Collectors of old postcards generally focus on a period when picture postcards were a novelty. That means the period at the turn of the 20th century, early 1900 to about 1920. This is because pictures on postcards that are about a hundred years old are fascinating views of a bygone world.

Instead of trying to collect all postcard views of that period, it’s easier to concentrate on a particular topic, like venerable hotels. I have postcards of the Grand Oriental Hotel in its prime, the Galle Face Hotel showing the Colombo Club, now part of the Taj Samudra, Queen’s Hotel, Kandy, and a pretty one of the Mount Lavinia Hotel with its original main entrance.

Colonial Ceylon was a popular port of call for steamships plying between Britain and Australia. Passengers staying here for a few days (or even weeks) eagerly sought out postcards to send to friends and family back home.

That resulted in postcards of Ceylon turning up in many countries of Europe, in Australia, and even in the USA, so there are plenty of sources for Ceylon postcards, even today.

Antique shops in Britain and Europe often have a few old postcards tucked away in shoeboxes. There are also some antique shops in Colombo, Bentota and Ambalangoda that have a small, and rather expensive, selection of vintage postcards.

There is even a website dedicated to selling vintage postcards at Another source is where about a dozen collectors vie with each other to grab a bargain. One I missed recently was a rare postcard of The Bristol Hotel in Colombo in 1906, with the caption “Best cuisine in the east.” It was for sale at GBP5.08 (SLRs889).

The main attraction of collecting old postcards from Ceylon is the amazing number of topics available. Postcards showing tea plantations and tea pluckers are plentiful, as are harbour scenes, but postcards of steam engines are hard to find because of the demand by collectors of worldwide rail history.

Village views are good to collect, especially if they are of villages that have grown into towns today. People doing odd things that we no longer see, like carrying pots on a yoke, or posing as an elephant hunter, are fascinating.

Equally collectible are postcards of religious sites and ancient ruins to see how they have changed. Beach scenes are unspoilt as beaches weren’t the desirable holiday spots they are today.

Postcards of the period are usually printed in black and white. If they have been hand coloured they then become unique works of art, different from other postcards showing the same view. Especially attractive are the “Oilette” series of colour postcards published by Raphael Tuck & Sons in England in the 1920s.

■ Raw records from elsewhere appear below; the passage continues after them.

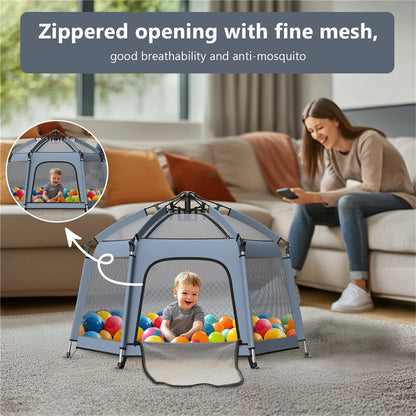 Breatoi Portable Playpen Tent House with UV Covers – Foldable Indoor & Outdoor Mesh Enclosure with Carry Bag (148cm)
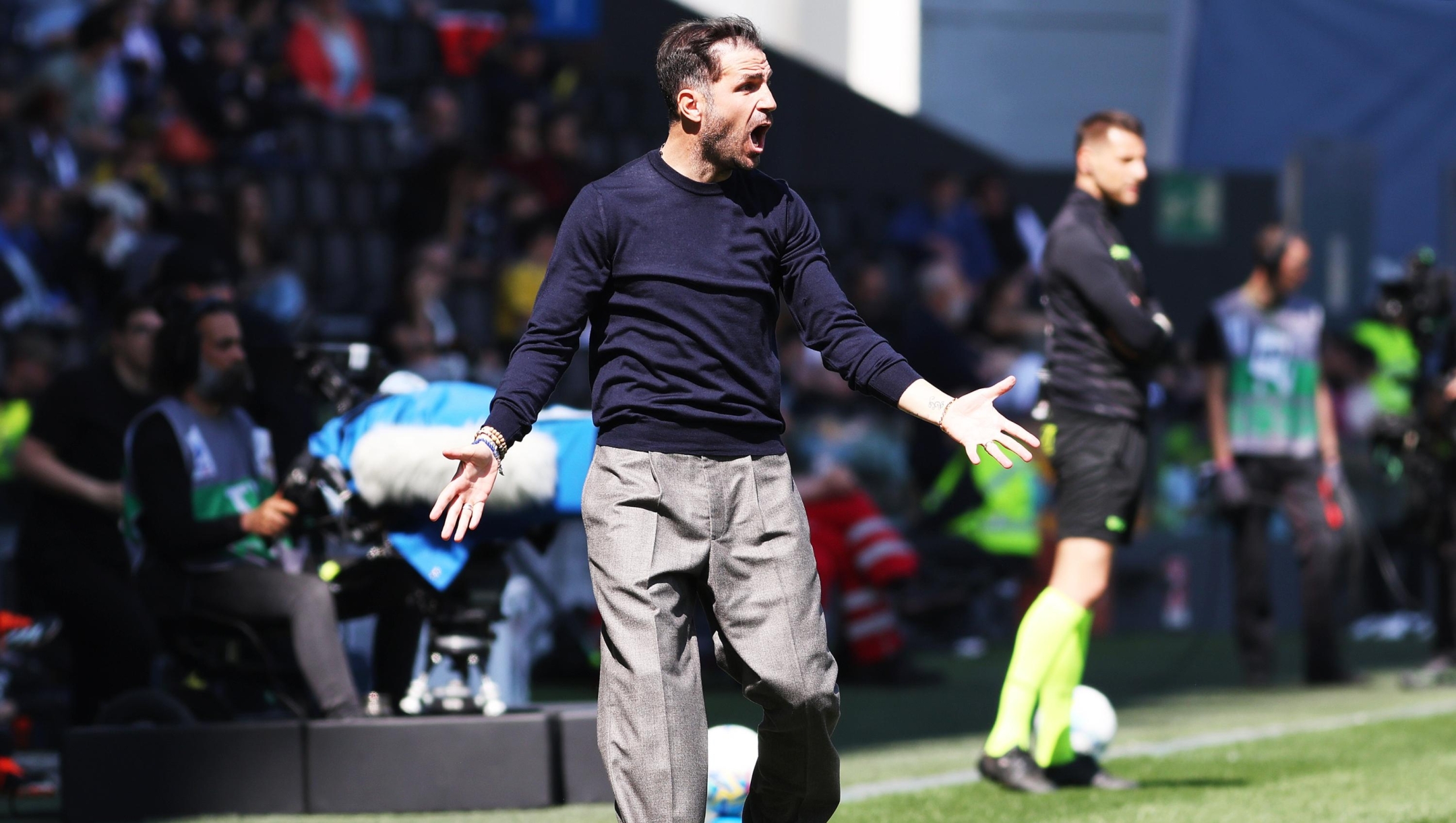 Comos head coach Cesc Fabregas during the Serie A soccer match between Udinese and Como at the Bluenergy Stadium in Udine, north east Italy - Monday, April 06,2026 sport - soccer (Photo by Andrea Bressanutti/Lapresse)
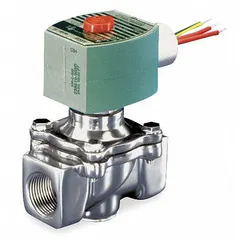This 2-way/2-position normally closed solenoid valve is designed for on/off flow control in fluid handling systems. It features a 1/2 in pipe size, operates on 110V AC (compatible with 120V AC), and is rated for high-flow applications.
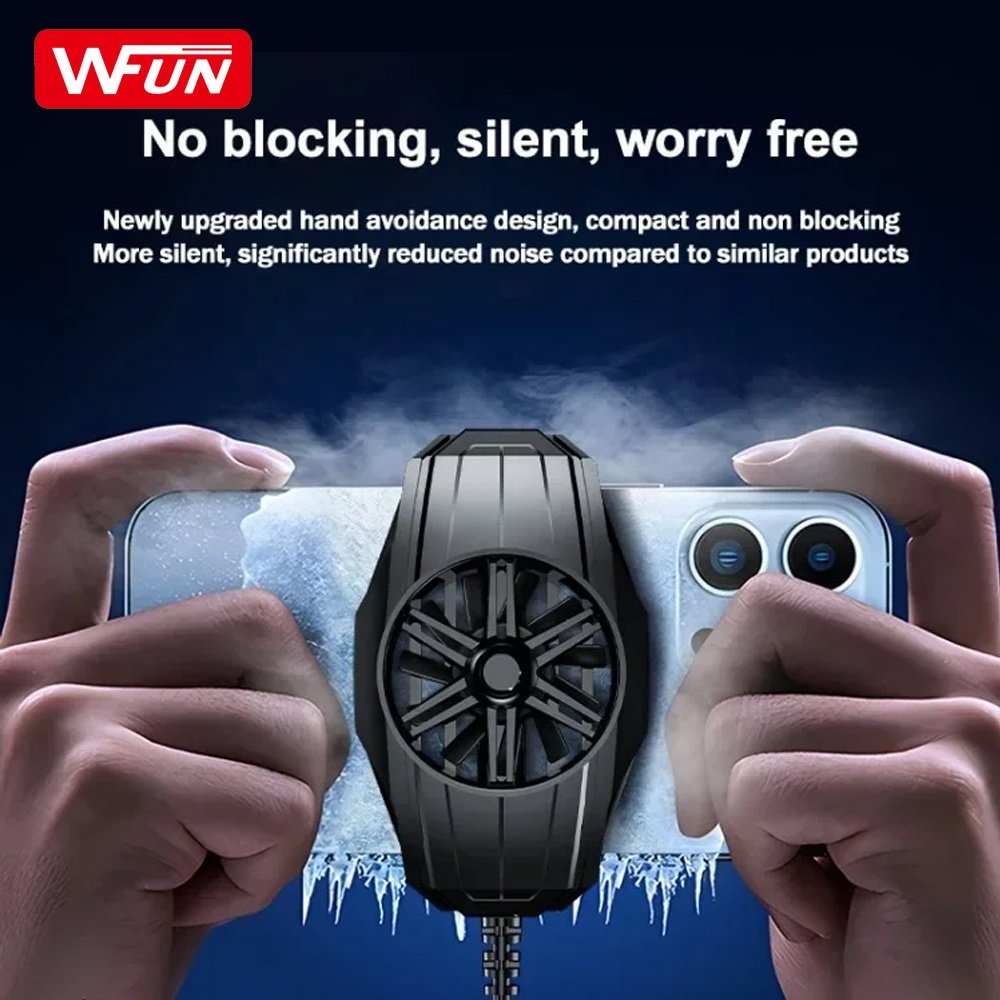 DY66 Cell Phone Cooler Portable Low Noise Mobile Phone Cooler Cooling Fan Gaming For IPhone/Samsung/Xiaomi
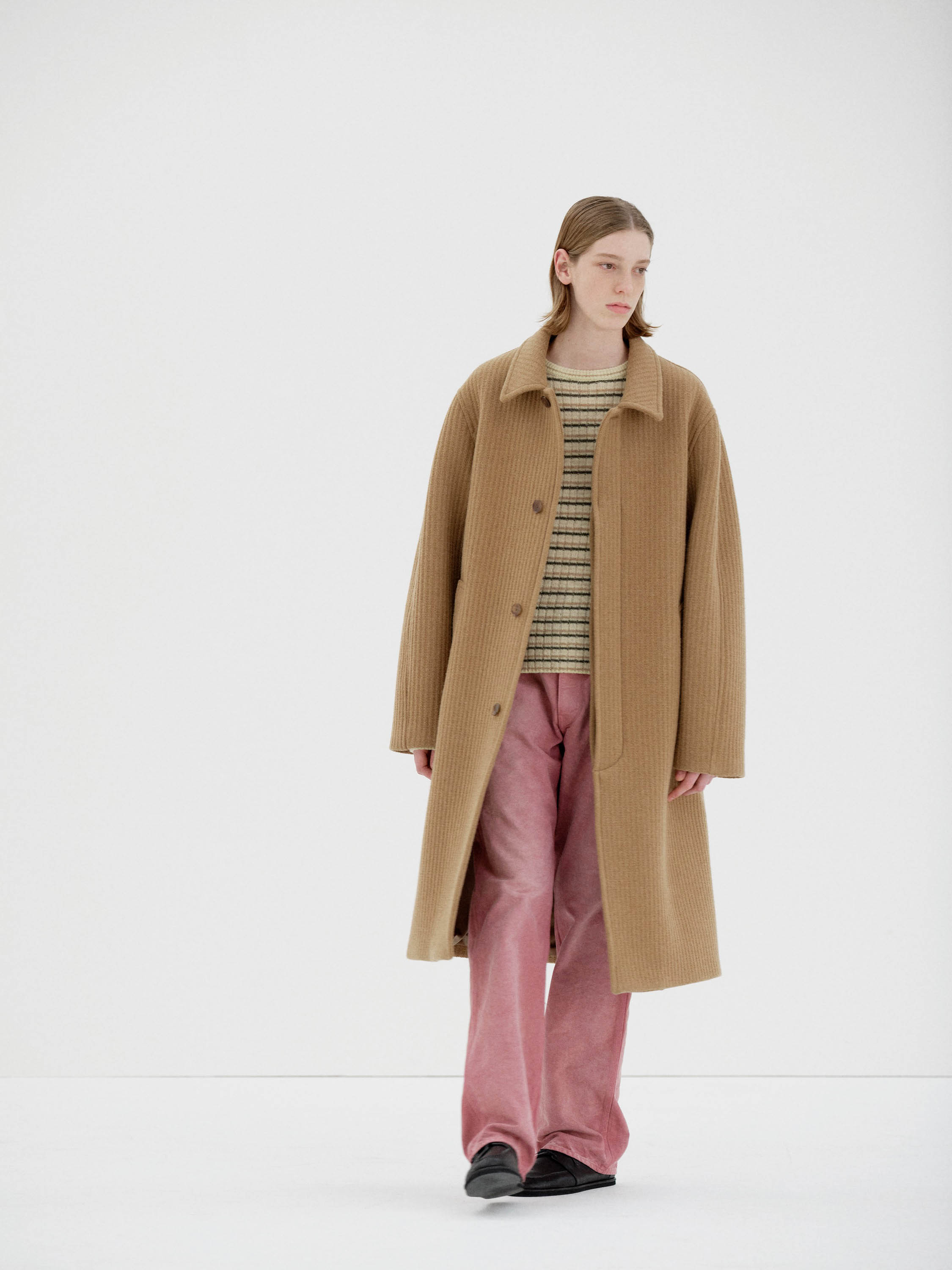SPONGE BONDED WIDE WALE WOOL SOUTIEN COLLAR COAT 詳細画像 CAMEL 4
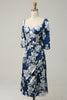 Załaduj obraz do przeglądarki galerii, Kwiatowy Nadruk Niebieska Sukienki Dla Druhny Bez Rękawów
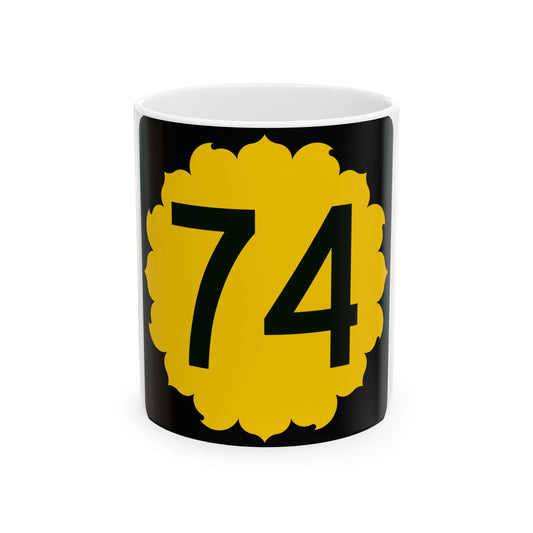K-74 (Kansas) (Road Sign) White Coffee Mug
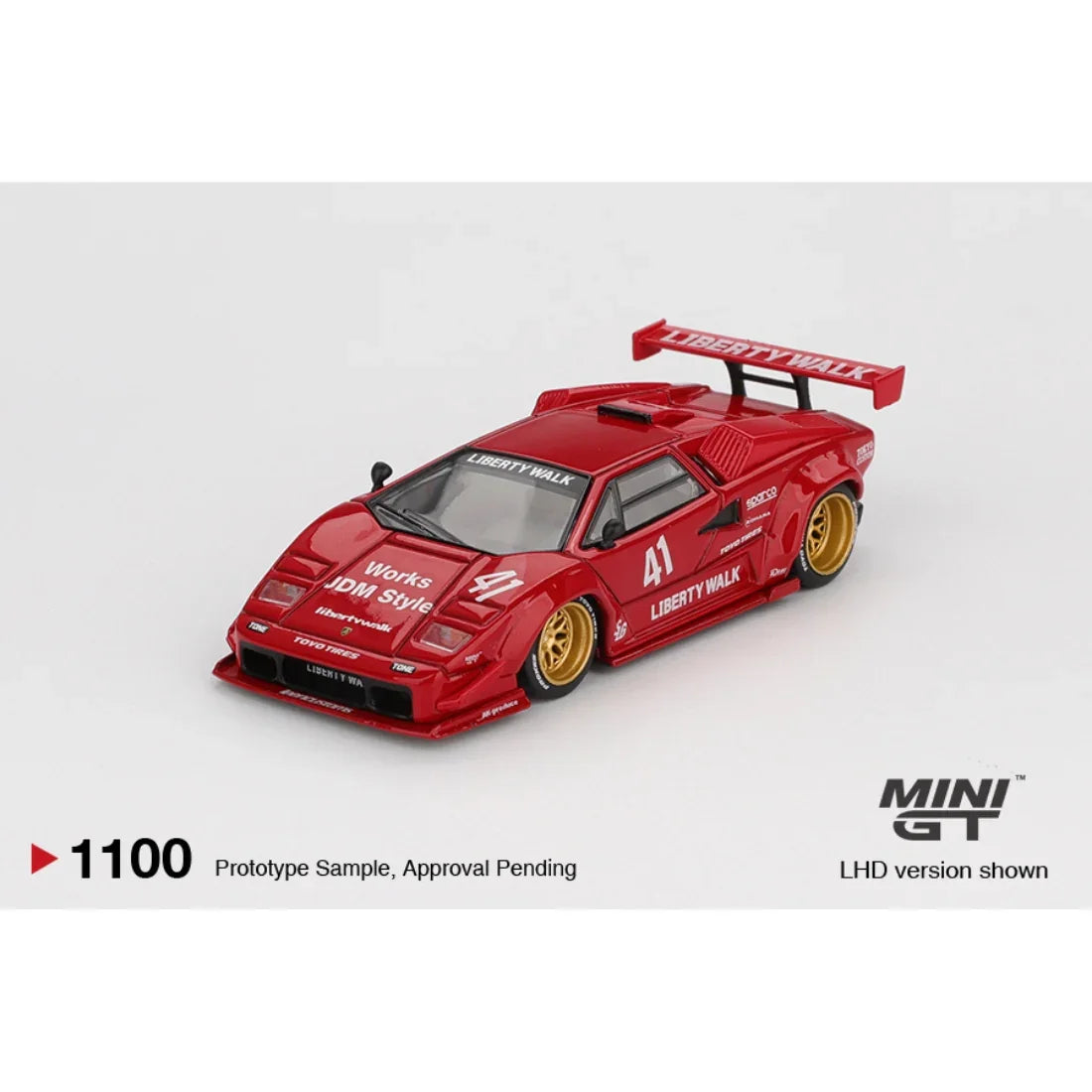 Lamborghini Countach LB-WORKS, 1:64 Scale (Red)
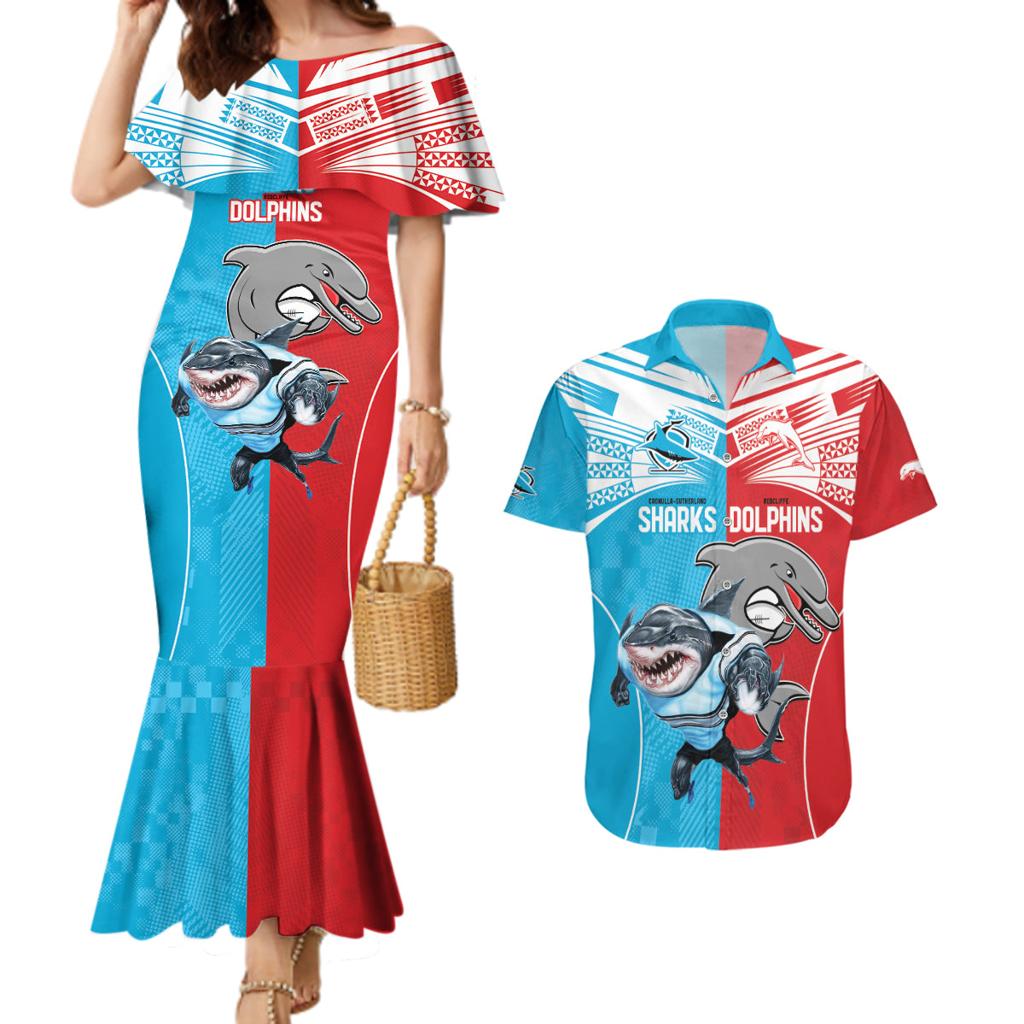 Custom Dolphins and Shark Couples Matching Mermaid Dress and Hawaiian Shirt Together Sporty Style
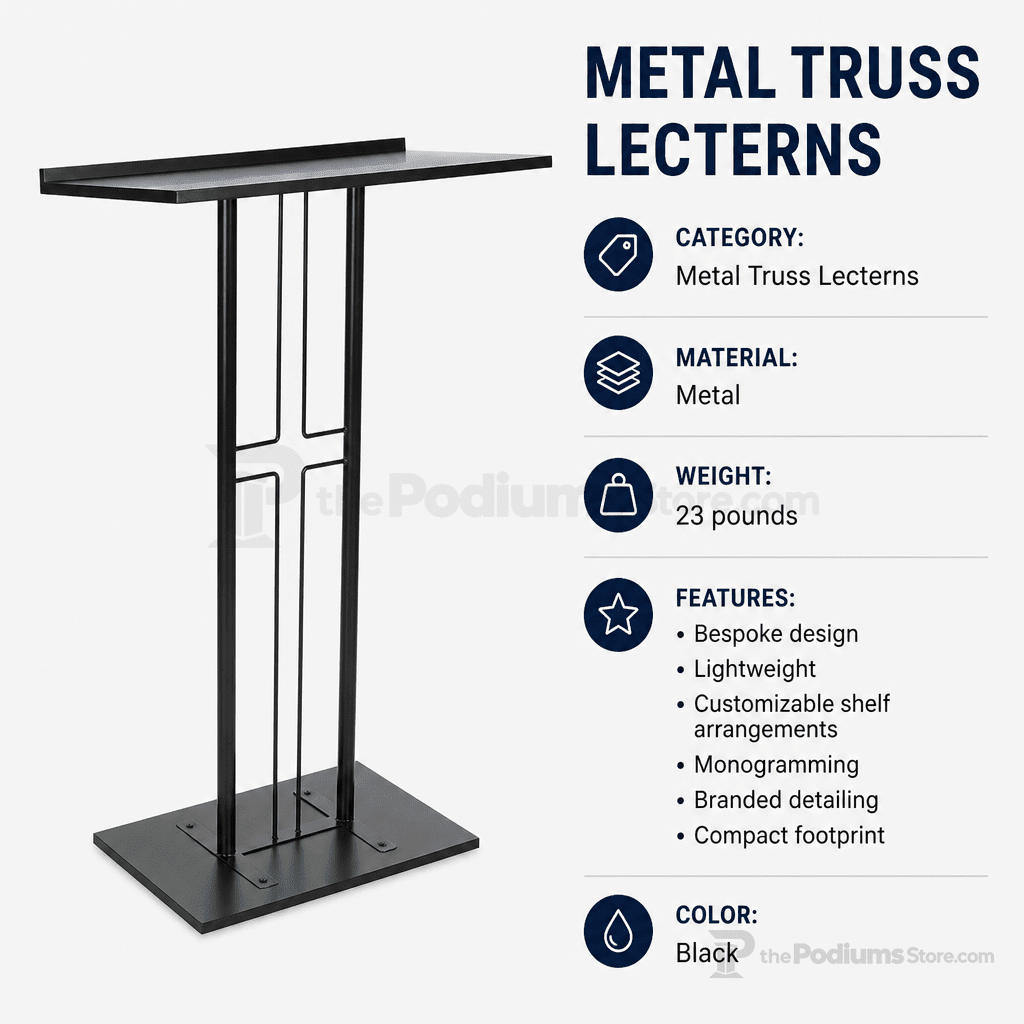 Cross-Design Metal Truss Lectern — Black Metal Truss Lectern LCTPCRSBLK Black - thePodiumsStore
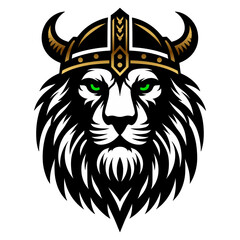 Embrace Norse mythology with this bold Viking lion silhouette vector. Blending a fierce lion with Viking motifs, this artwork epitomizes strength and regality in a minimalistic design.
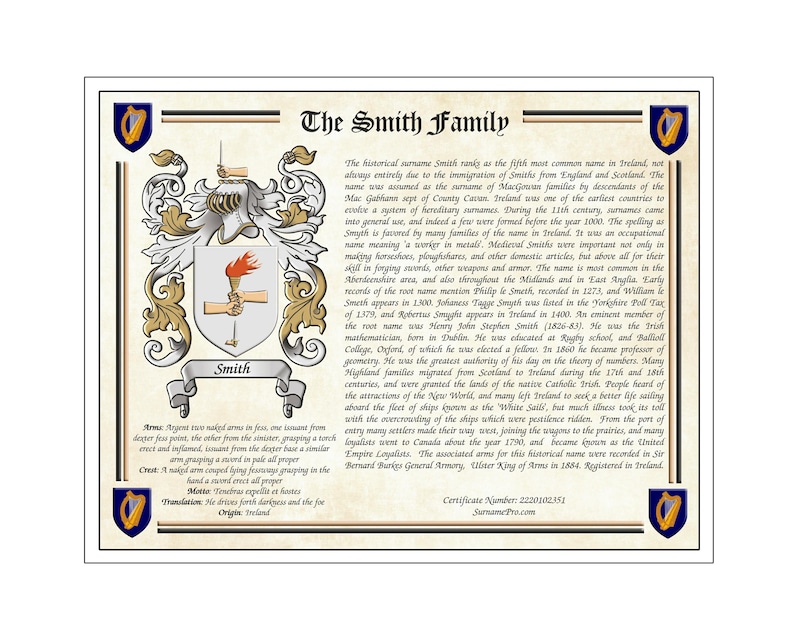 May include: A framed print featuring the Smith family crest. The crest includes a shield with a torch and two arms, a helmet, and decorative scrollwork. The text details the history of the Smith surname and its origins in Ireland.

How to store your postcards? Putting them in a firm transparent envelope and keeping them in a shoebox is better than sticking them in an album. When they are in a transparent envelope, you can see both sides of the card.

Sometimes the postage stamps or the words on the postcard are as interesting as the photograph. One card in my collection is of the Galle Face Hotel, on which someone has written in classic script: “This is the only thing free in this hotel.”

The best way to display your best postcards is to frame them. Because a postcard is fairly small (about 5 ½” by 3 ½”), its impact will be lost if put in a frame about the same size. Better to choose a large frame and have a huge mount with large margins of a dark colour.

That way the viewer’s eye is directed to the postcard and all its glory, and it will be the pride of a unique collection reflecting last century’s Sri Lanka.